Looking Forward on Higher Ed: Funding the State Need Grant Should Be A Priority

This blog post was written by Noah An, chair of the Higher Education Caucus.

Back in August, I wrote about the tuition cuts that were greeting in-state college students here in Washington as they returned to campus. In that post, I discussed some of the downsides of the bipartisan tuition cut, including the cutting of the State Need Grant to free up money for an across the board tuition reduction. Now, as we turn our eyes to the coming legislative session, it is time to ask what comes next for higher education. Now that tuition is headed downward, what should the next priority for college students be?

I say it should be the State Need Grant. If you’re unfamiliar, the State Need Grant is Washington State’s version of the Pell Grant: financial aid awarded to college-bound students whose families fall under certain income levels (specifically, less than 70% of the state’s median family income, or $58,500 for a family of four.) About 74,000 students get help paying for college thanks to the State Need Grant. However, due to lack of funding, thousands of students eligible for the State Need Grant get turned away, or get prorated grants for less than the amount promised. During the 2012-2013 school year, more than 32,000 students whom qualified for aid were turned away. This is a huge problem, but there is an easy solution: more funding.

Unfortunately, the anti-tax mindset of senate Republicans, coupled with the recently passed (and hopefully soon-to-be overturned) I-366, and a bevy of other funding obligations the legislature finds themselves in after years of irresponsibility, makes the task of finding funding difficult. Lobbyists for big business and the super-rich will be fighting tooth and nail in Olympia to protect every dollar we give away in corporate tax-breaks. That’s why your voice is so important.

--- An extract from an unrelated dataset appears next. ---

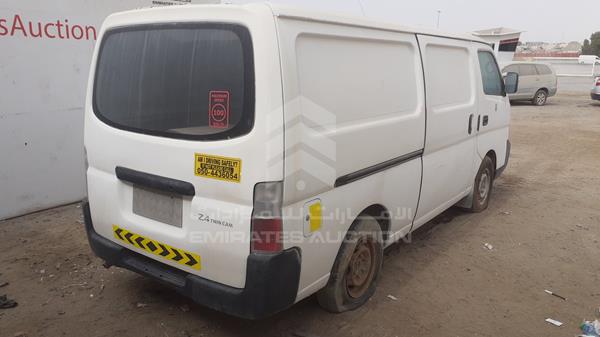 Photo 6 VIN: JN6FE52S22X400575 - NISSAN URVAN 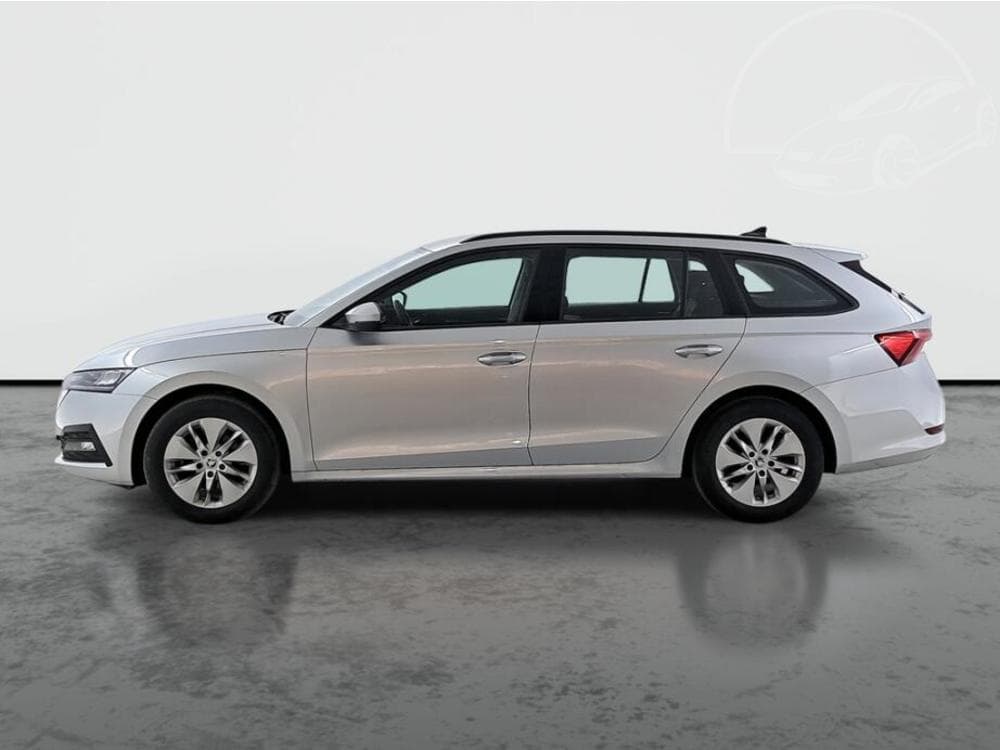2022 Škoda OCTAVIA - 3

We need to send a message to legislators this year that a tuition cut that primarily benefits wealthy families is not enough. College should be affordable for all, and accessible to people of all backgrounds and income levels. Without providing more funding for the State Need Grant, we won’t expand the opportunity of a college education to more Washingtonians. In the coming months, the Higher Education Caucus will be organizing efforts aimed at empowering student voices to push the legislature in the right direction. For now, I ask that Young Democrats across the state, especially in our college chapters, have this conversation: What should the next steps on higher education be? What should we prioritize, and how do we win, together?